Introduction: The complement system activation and regulation have been linked to post-transplant pathologies including chronic antibody mediated rejection (CAMR) and the recurrence of IgA nephropathy (ReIgAN). The aim of this study was to evaluate the long term outcome of kidney transplantation after histological diagnosis of CAMR and ReIgAN and to decipher the relationship of complement-related transcripts to the progression of graft dysfunction.
Methods: In this retrospective single center study, 93 patients with histological proven CAMR and 57 patients with histological proven ReIgAN were enrolled. A total of 51 available snap frozen kidney biopsy samples (26 CAMR and 25 ReIgAN) were used for RNA isolation and gene expression analysis by RT-qPCR of 11 genes connected to complement cascade and regulation: C3, C5, CD46, CD55, CD59, C4BP, CFH, CFI, CFP, CR1 and C1-INH. The complement genes were selected both for their significance in the complement cascade and the existing evidence of their involvement in pathological processes of CAMR and ReIgAN. Immunohistochemistry was used to evaluate the presence of proteins CD46 and C5 on cell surface from formalin-fixed paraffin-embedded kidney tissue, stained with appropriate antibodies.

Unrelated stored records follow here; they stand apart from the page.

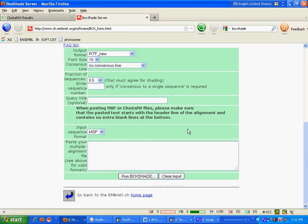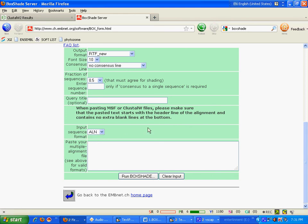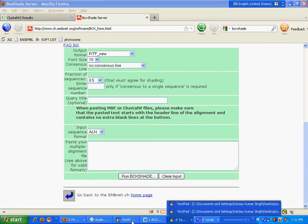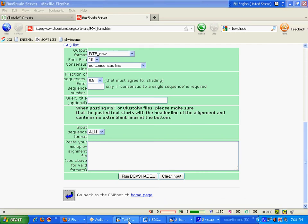Then I will select here alignment input sequence format, which is the ALN file. Now I will paste my multiple sequence alignment file.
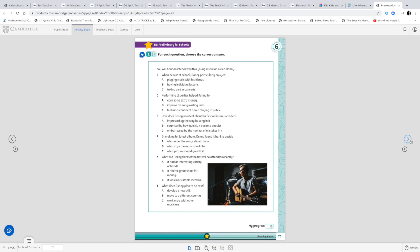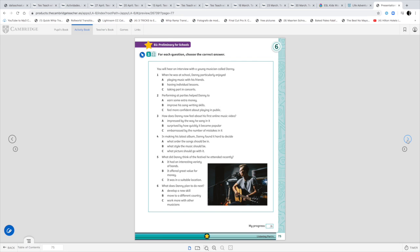It's a typical Cambridge exam exercise, so here you have some listening practice. If you turn the page to 76, here you have another typical complete-with-one-word-each-gap exercise for the Cambridge exam.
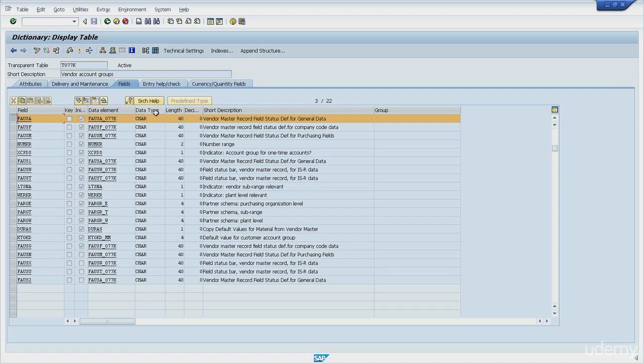I can see its type, its length, decimal places if applicable, and the description.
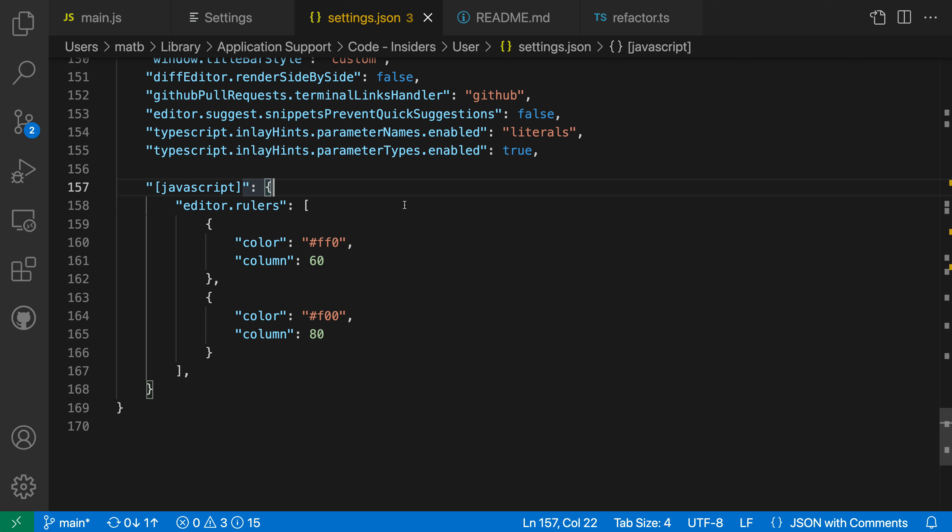Now, if I want this setting to also apply to TypeScript, one option would be to just duplicate this entire block and then change the JavaScript to TypeScript. But then I would have to maintain both of those. That's not great. So instead,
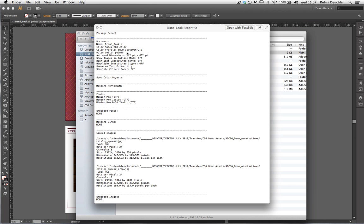So if I open this, you see that we have a whole bunch of information about the document, color mode, if there are any spot colors, the fonts that are being used, if there's any missing links, and also information about the linked images.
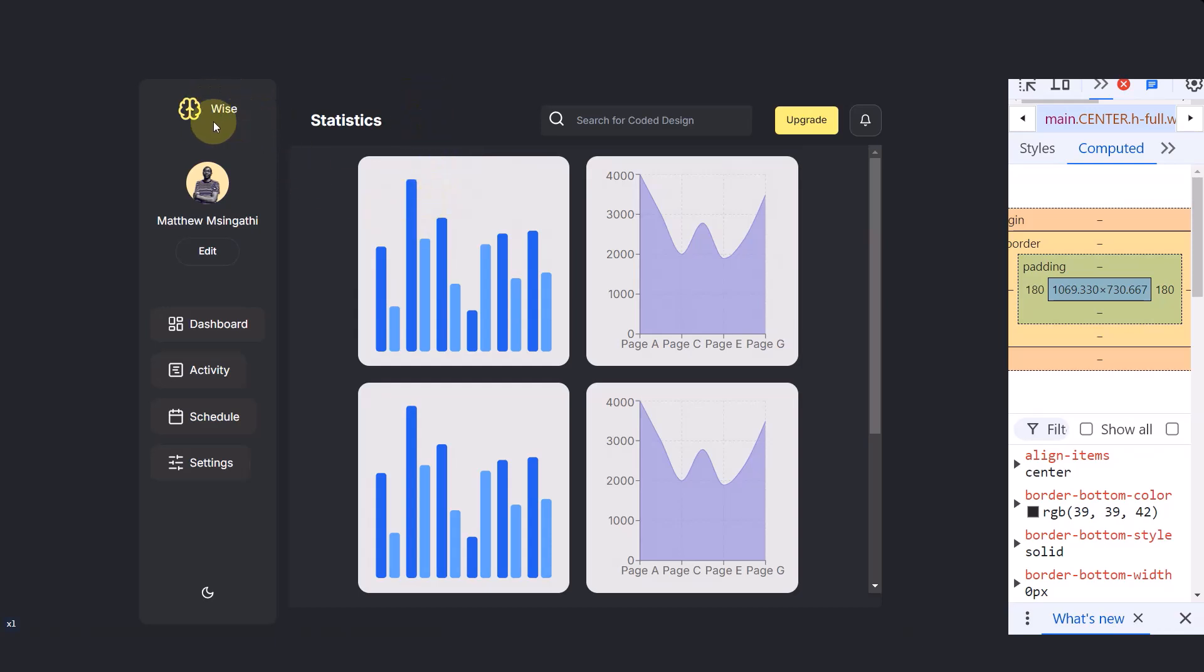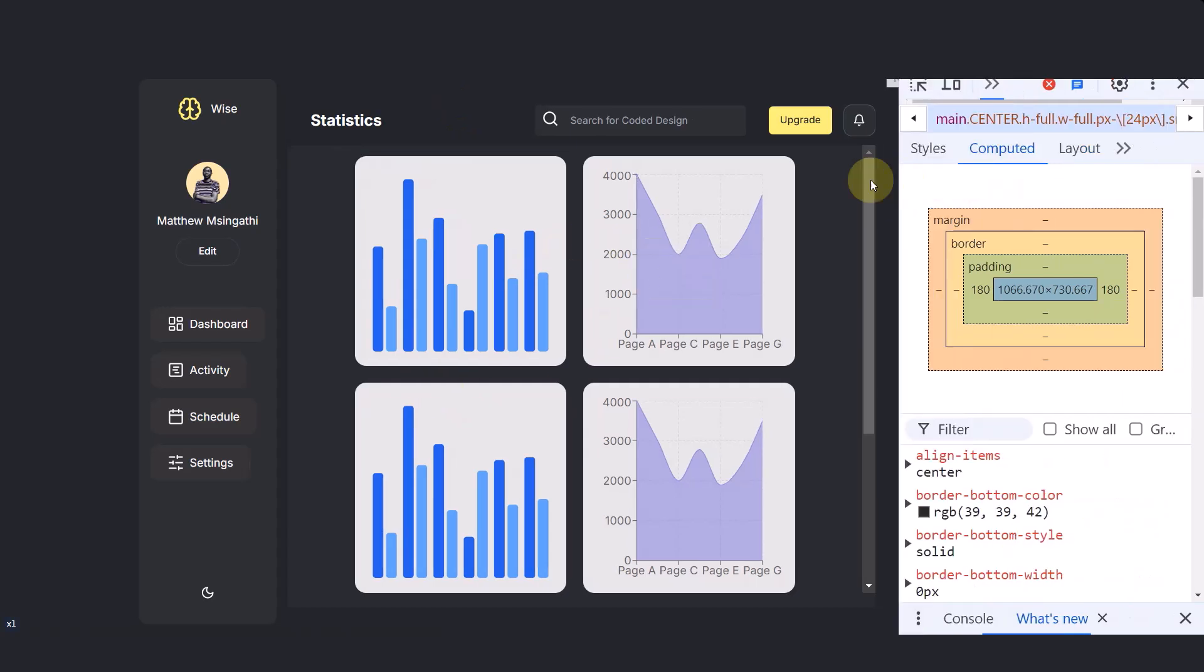That email will have a list of all my source code. This code will be wise dashboard and then in bracket source code and then you will click that link and you can download the source code. And that's it.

Results and discussion: Median time from transplantation to biopsy was comparable in both groups (6 years in CAMR patients and 6 years and 9 months in ReIgAN). Interestingly, there were no significant differences in kidney graft survival since transplantation and diagnostic biopsy between both groups (Fig 1, Fig. 2). CAMR was associated with significantly higher intragraft transcripts of C3, CD59 and C1-INH compared to ReIgAN (p<0.05).  A statistically significant correlation between increased intrarenal CD46 expression and decreased graft survival in CAMR patients was found (p<0.01, r=-0.508). Similarly, C3 transcripts correlated significantly with lower eGFR in CAMR group (p<0.05, r=-0.417). There were also significant correlations of both CD46 and CFI transcripts with lower eGFR in ReIgAN group (p<0.05, r=-0.401 and p<0.05, r=-0.442, respectively). Immunohistochemistry did not reveal an association between the presence of CD46 and C5 proteins on cell surface and the transcript levels of those genes.
Conclusion: The long-term graft survival of patients with CAMR is similar to ReIgAN. The complement regulator CD46 transcripts are likely to be associated with the progression of CAMR as well as ReIgAN.